Aku meletakkan novel yang tengah kubaca, tidak begitu menyadari pengaruh novel itu hingga Sarah datang. Siapa sangka, kata-kata yang dituliskan oleh penulisnya seakan mencoba memberiku pemahaman, atau paling tidak gambaran mengenai sebuah rasa yang bertahta di hatiku.

"Kisahnya menyedihkan."

Sarah memungut novel itu, membaca judulnya baik-baik. Matanya memicing. "Romance? Seorang Riana Aprilia membaca novel romance?"

"Aku salah menuruti rekomendasimu?" Lipatan pastilah terbentuk di dahiku. Ini pengalaman pertamaku membaca novel bergenre roman. Sebenarnya, aku bisa menemukan banyak kisah romantos dari novel bergenre lainnya. Tapi, yang ini berbeda. Roman menjadi akar dari kisah yang begitu hebat. Batangnya dibagun dengan sebuah dongeng percintaan sehari-hari yang ternyata mampu menciptakan cabang yang meliuk-liuk sebagaimana peliknya konflik dalam kisah itu. Lantas, demi menyuguhkan sebuah akhir yang tidak terlupakan, kisah itu dibuat berbunga. Mekar dari segala penjuru. Berwarna merah muda. Persis pohon sakura saat bunganya sedang bermekaran.

Sarah tersenyum lebar. "Aku tidak menyangka kamu akan langsung meminjam novel bergenre romance di perpustakaan. Kukira kamu benar-benar tidak peduli tentang cinta. Hanya sibuk mengurusi mimpi-mimpi gilamu, sepak bola, dan bacaan yang bukan tentang cinta. Kamu sama sekali tidak suka membicarakan cinta. Kamu bahkan pernah menceramahiku habis-habisan soal itu."

Aku terdiam. Ingatanku bermigrasi menuju waktu beberapa bulan lalu. Itu adalah saat Sarah dilanda cinta untuk kesekian kali. Tidak ada hari tanpa Sarah membicarakan laki-laki yang disukainya. Di hari libur pun, Sarah sibuk mengirim pesan padaku hanya untuk membahas perasaan sukanya. Aku sampai bosan mendengar dan membaca ocehan Sarah. Apalagi, Sarah memang suka berlebihan.

"Apa susahnya berhenti membicarakan perasaanmu, Sar?" protesku waktu itu, merasa kegiatannya mengerjakan PR matematika terganggu oleh Sarah yang tak henti berbicara soal betapa tampannya laki-laki yang ia sukai, hebat betul bermain basket, idola perempuan-perempuan di sekolah, dan sungguh bahagia saat laki-laki itu tak sengaja melirik Sarah yang lewat depan sekolahnya.
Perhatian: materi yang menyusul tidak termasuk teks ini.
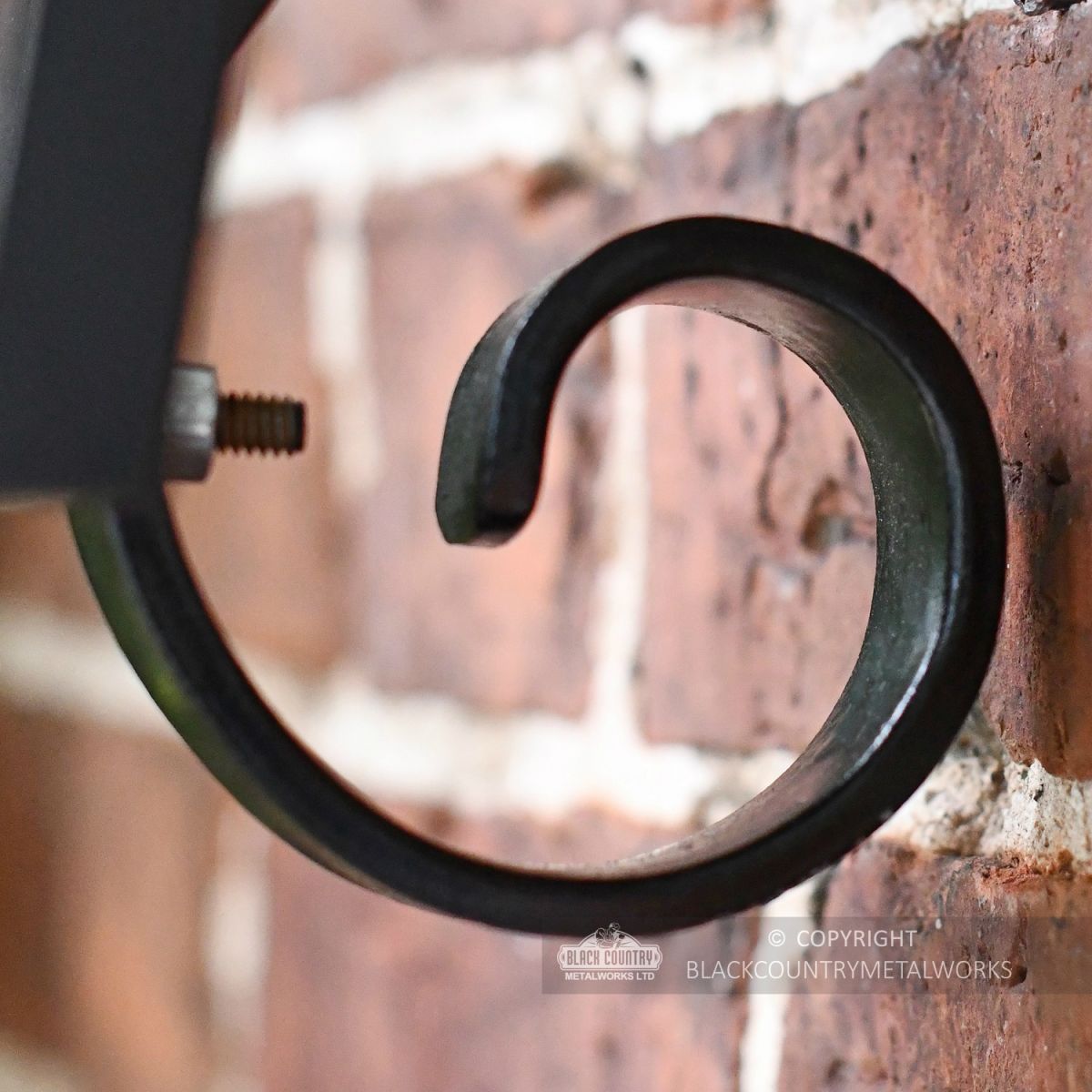 Close Of Scrolled Lantern Bracket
Sarah nyengir, memperlihatkan gigi-giginya yang tersusun rapi. "Dia benar-benar melihat ke arahku, Riana! Kau bisa bayangkan rasanya?"

Aku menepuk kening. Itu entah yang ke berapa kali Sarah mengatakannya—aku sampai lupa jumlahnya saking sering Sarah mengatakannya. "Kau bahkan terus-menerus menampilkan ekspresi senang yang berlebihan. Bagaimana aku tidak mengetahui perasaanmu?"
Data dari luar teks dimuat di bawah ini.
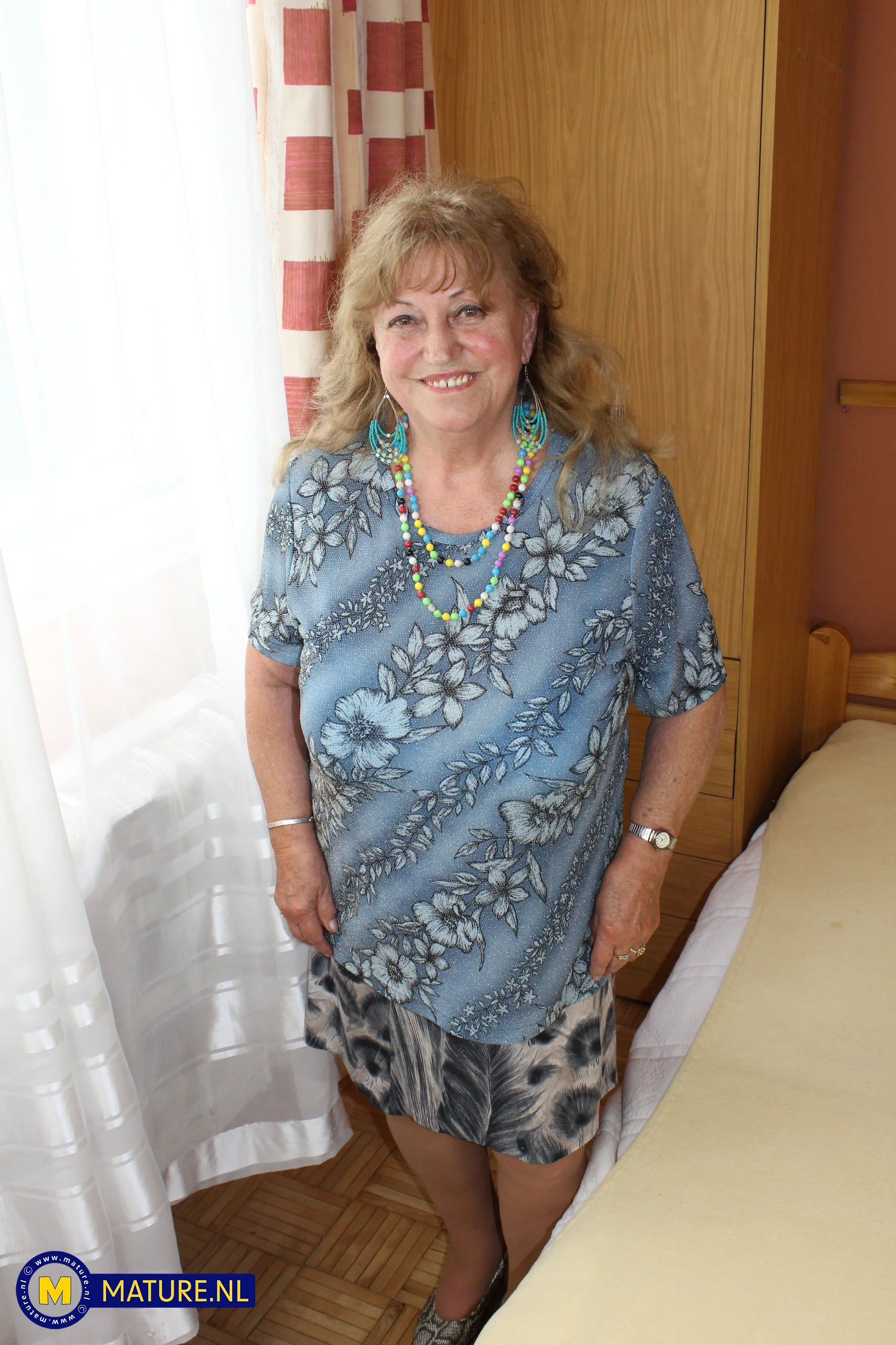 Katerina is a curvy 73 year old granny with big saggy tits who fucks the young man next door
"Aku benar-benar senang, Riana."

Aku mengernyitkan kening, kembali berkutat dengan alat tulis. Ayolah, laki-laki itu hanya meliriknya sesaat. Itu jelas tindakan tidak disengaja. Bukankah semua orang pernah melakukan itu? Tak sengaja bersitatap dengan orang lain?
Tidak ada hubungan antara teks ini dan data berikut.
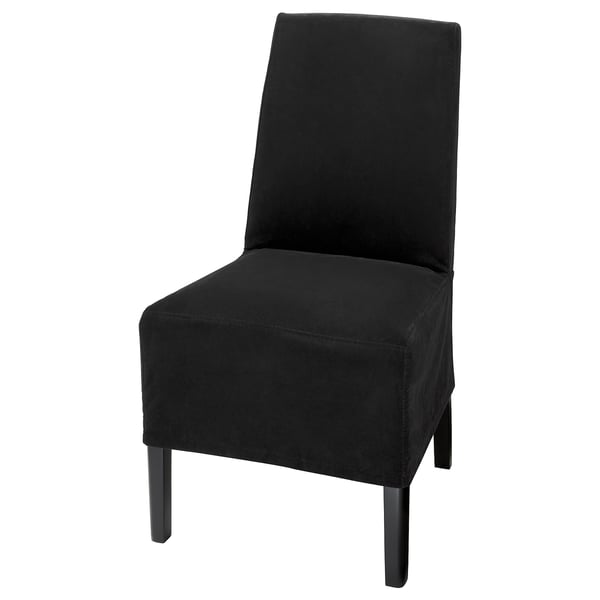 Black velvet chair, part of the BERGMUND series, featuring a sleek, backless design with metal legs. Comfortable with removable, washable cover.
"Kurasa aku semakin menyukainya."

Aku meletakkan pulpen, memerhatikan Sarah yang seperti kehilangan akal—senyum-senyum sendiri. Hari itu, aku menuding perasaan cinta sebagai sesuatu yang paling gila di dunia. Pengaruhnya kuat sekali, mengendalikan kurasa.

"Kamu terlalu memanjakan perasaan itu, Sarah. Berhentilah memikirkan hal-hal yang belum tentu kebenarannya hanya demi mendatangkan kebahagiaan untukmu. Mungkin kamu bahagia atas prasangka-prasangkamu sendiri. Tapi, itu belum pasti. Masih ada kemungkinan prasangkamu salah besar. Jika begitu, kamu mau apa? Menangisi kenyataan? Menuduh bahwa dunia dan seisinya terlalu kejam? Bahwa takdir tidak berpihak padamu?"